- **Activity**:
The expected output is every line of the data exactly as shown, minus the images.

- **Dataset excerpts**:

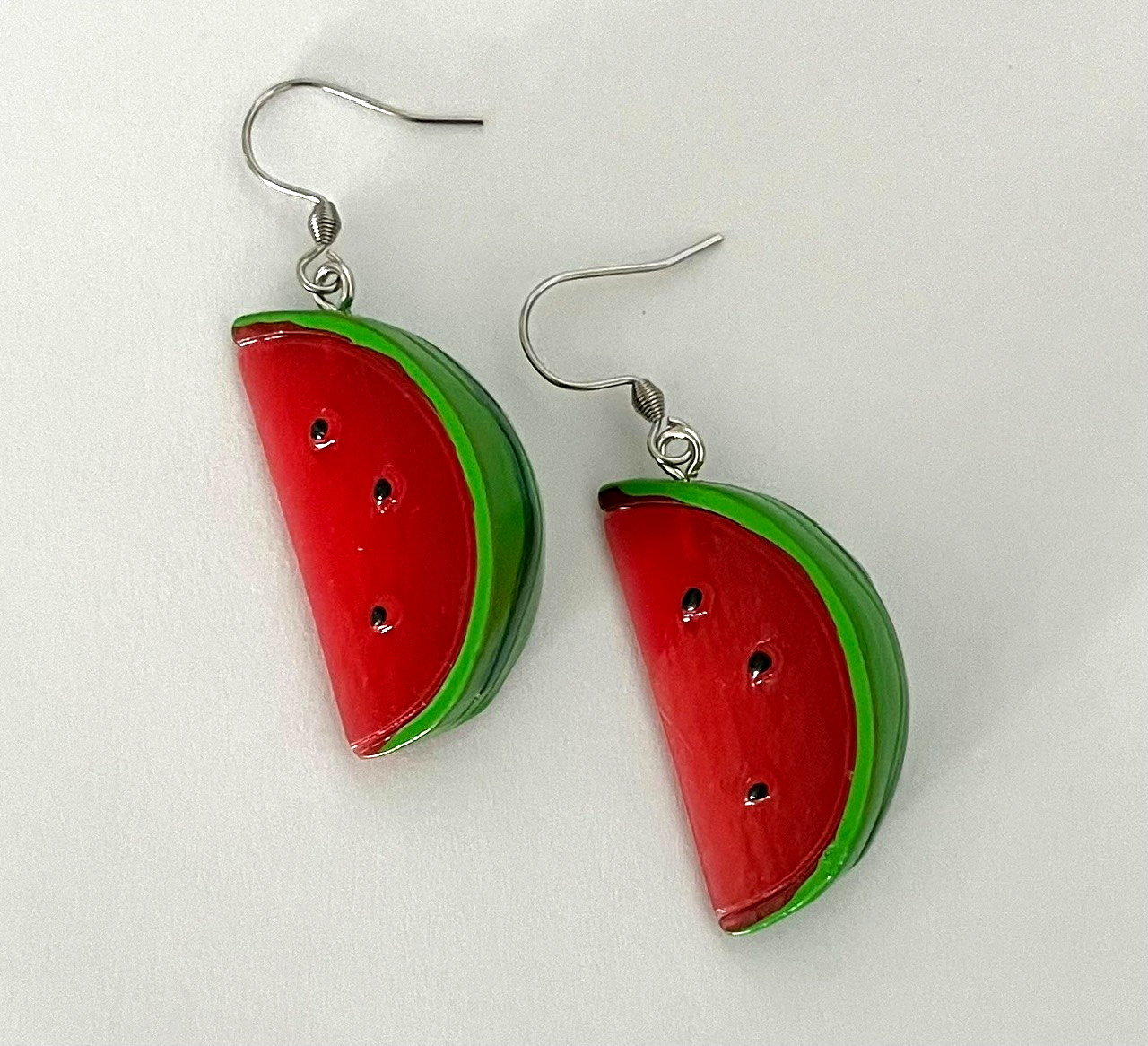 Watermelon Sugar Slice 3D Fruit Food Dangle Earrings Jewelry Stainless Hooks 2″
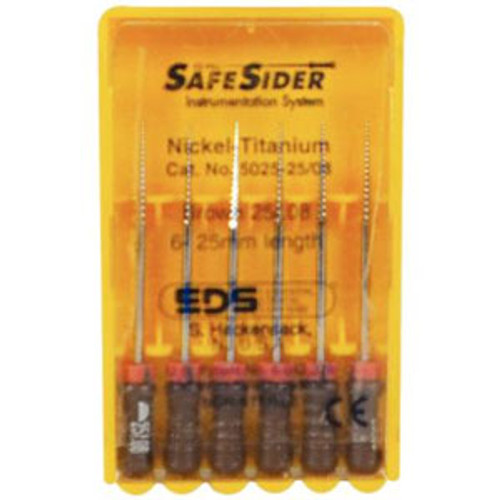 SafeSiders Standard #25/.08 nickel titanium reamer, 25 mm, package of 6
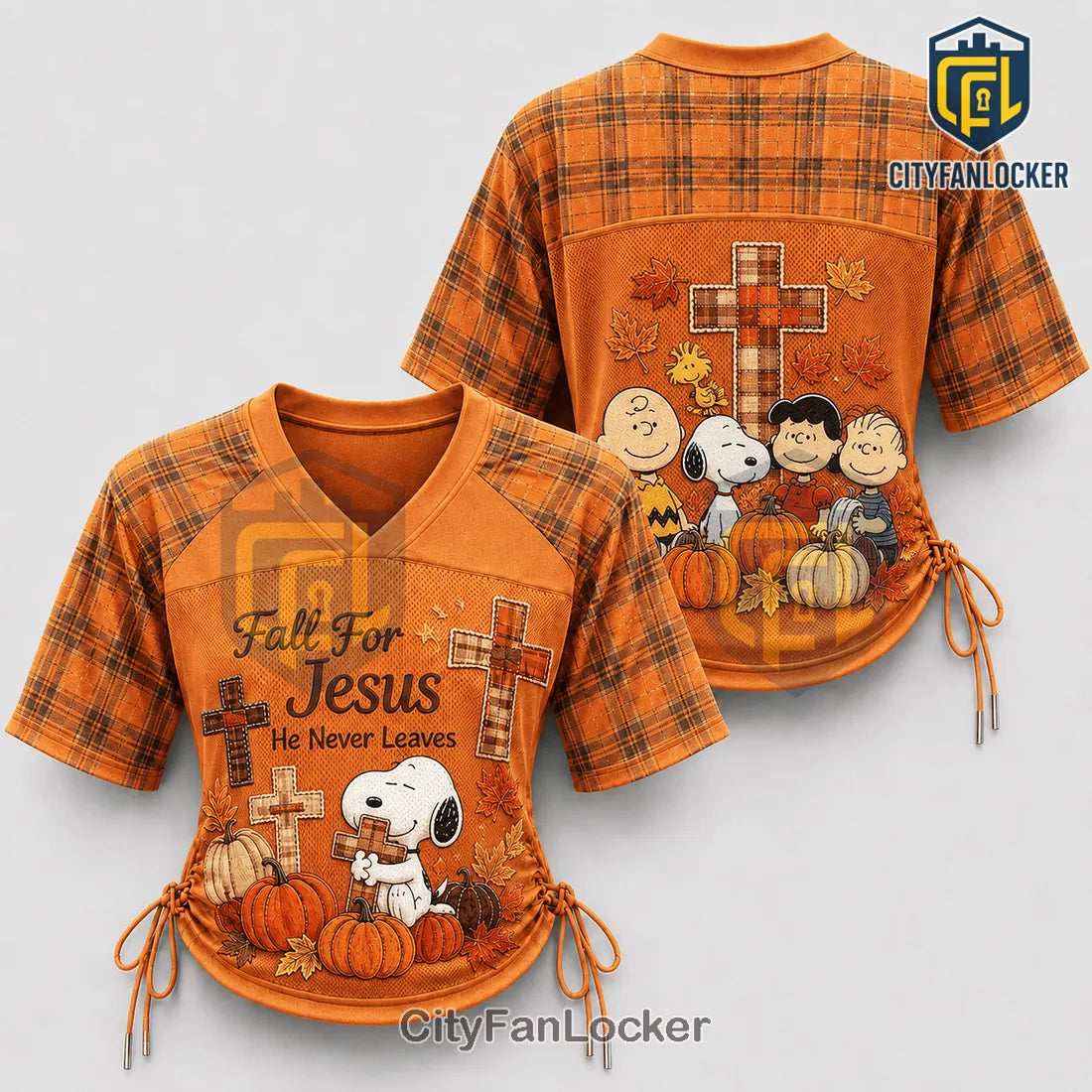 Snoopy Fall Jesus Plaid Lace-Up Jersey T-Shirt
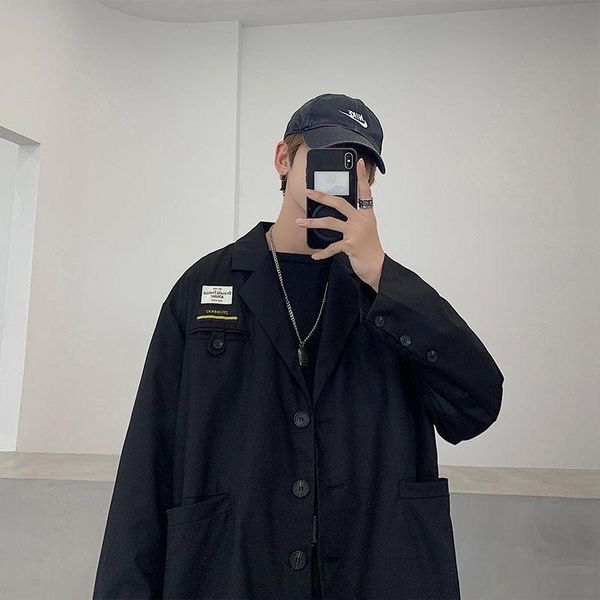 men's jacket 2021 autumn slim solid color jean single breasted long sleeve loose casual lapel youth wear jackets, Black;brown
men's jacket 2021 autumn slim solid color jean single breasted long sleeve loose casual lapel youth wear jackets, Black;brown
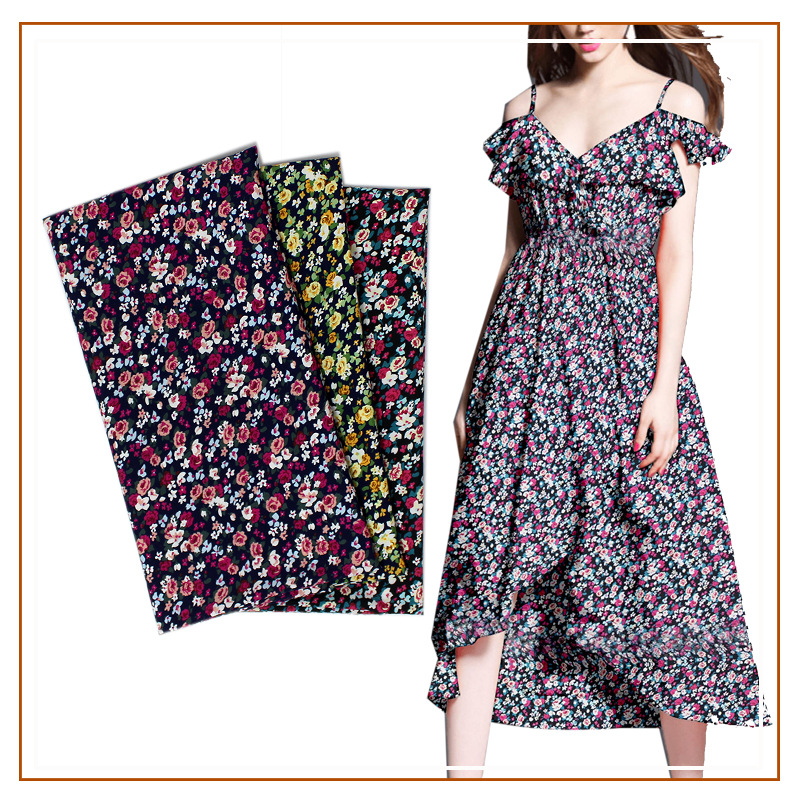 100D four-sided bullet women's dress cheongsam garment printed fabric polyester chiffon small floral fabric autumn single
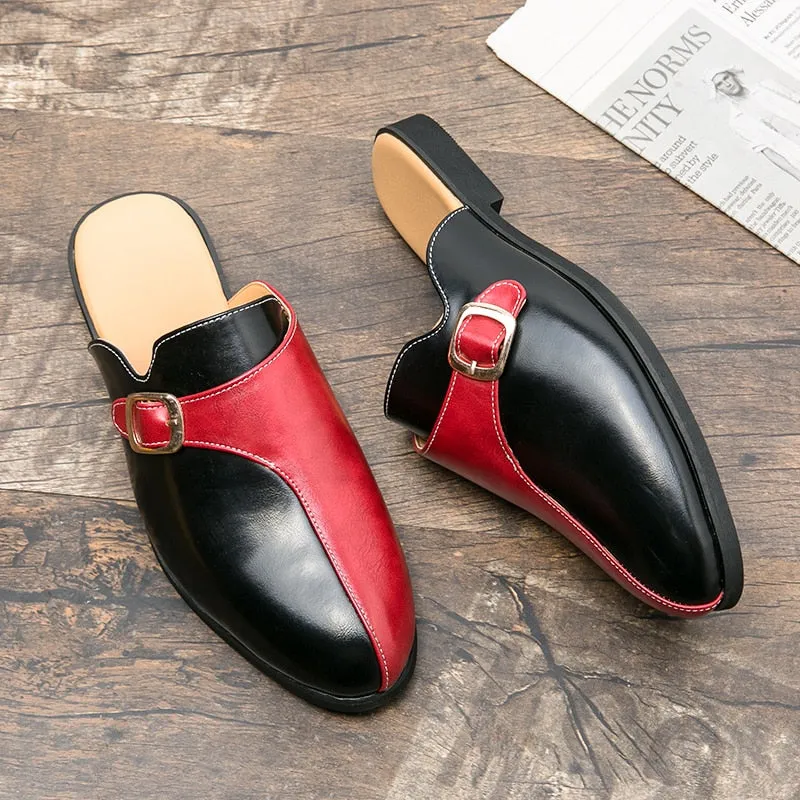 Men's Faux Leather Double Colored Backless Loafers Celebs In Loafers
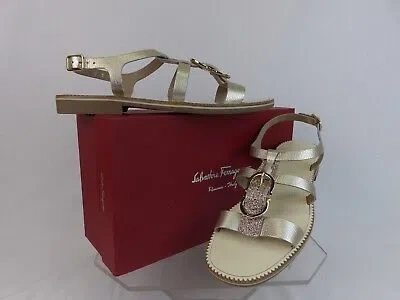 Pre-owned Ferragamo Salvatore  Elisir Platinum Leather Gancini Bit Sandals Flats 9 M In Silver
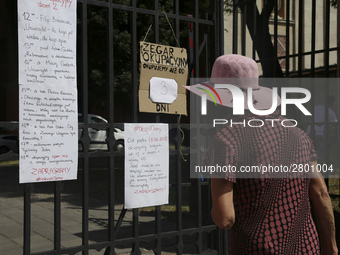 Banners written by students who are occupying the Department of Philosophy of Jagiellonian University in Krakow, Poland on 9 June, 2018. On...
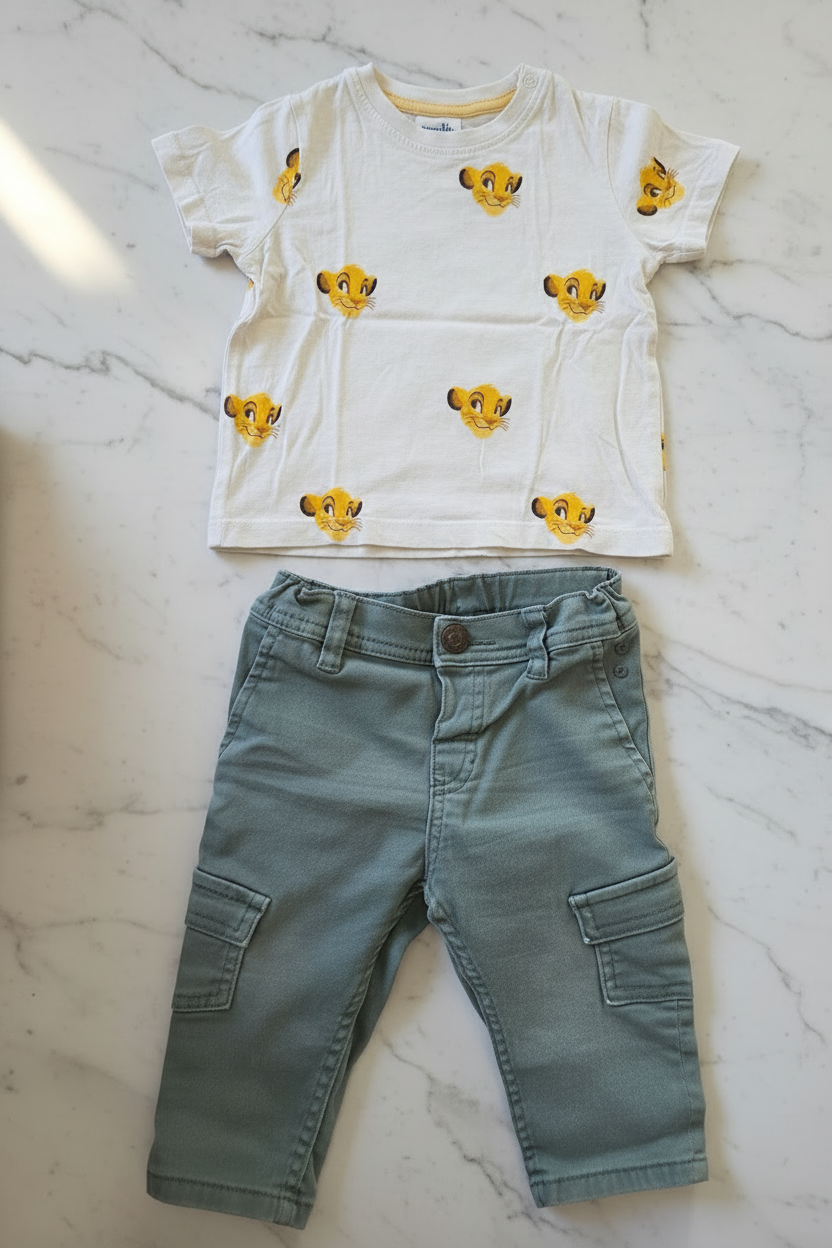 Baby-Set Simba Allover T-Shirt & Khaki-Jeans H&M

- **Result**:
 Watermelon Sugar Slice 3D Fruit Food Dangle Earrings Jewelry Stainless Hooks 2″
 SafeSiders Standard #25/.08 nickel titanium reamer, 25 mm, package of 6
 Snoopy Fall Jesus Plaid Lace-Up Jersey T-Shirt
 men's jacket 2021 autumn slim solid color jean single breasted long sleeve loose casual lapel youth wear jackets, Black;brown
men's jacket 2021 autumn slim solid color jean single breasted long sleeve loose casual lapel youth wear jackets, Black;brown
 100D four-sided bullet women's dress cheongsam garment printed fabric polyester chiffon small floral fabric autumn single
 Men's Faux Leather Double Colored Backless Loafers Celebs In Loafers
 Pre-owned Ferragamo Salvatore  Elisir Platinum Leather Gancini Bit Sandals Flats 9 M In Silver
 Banners written by students who are occupying the Department of Philosophy of Jagiellonian University in Krakow, Poland on 9 June, 2018. On...
 Baby-Set Simba Allover T-Shirt & Khaki-Jeans H&M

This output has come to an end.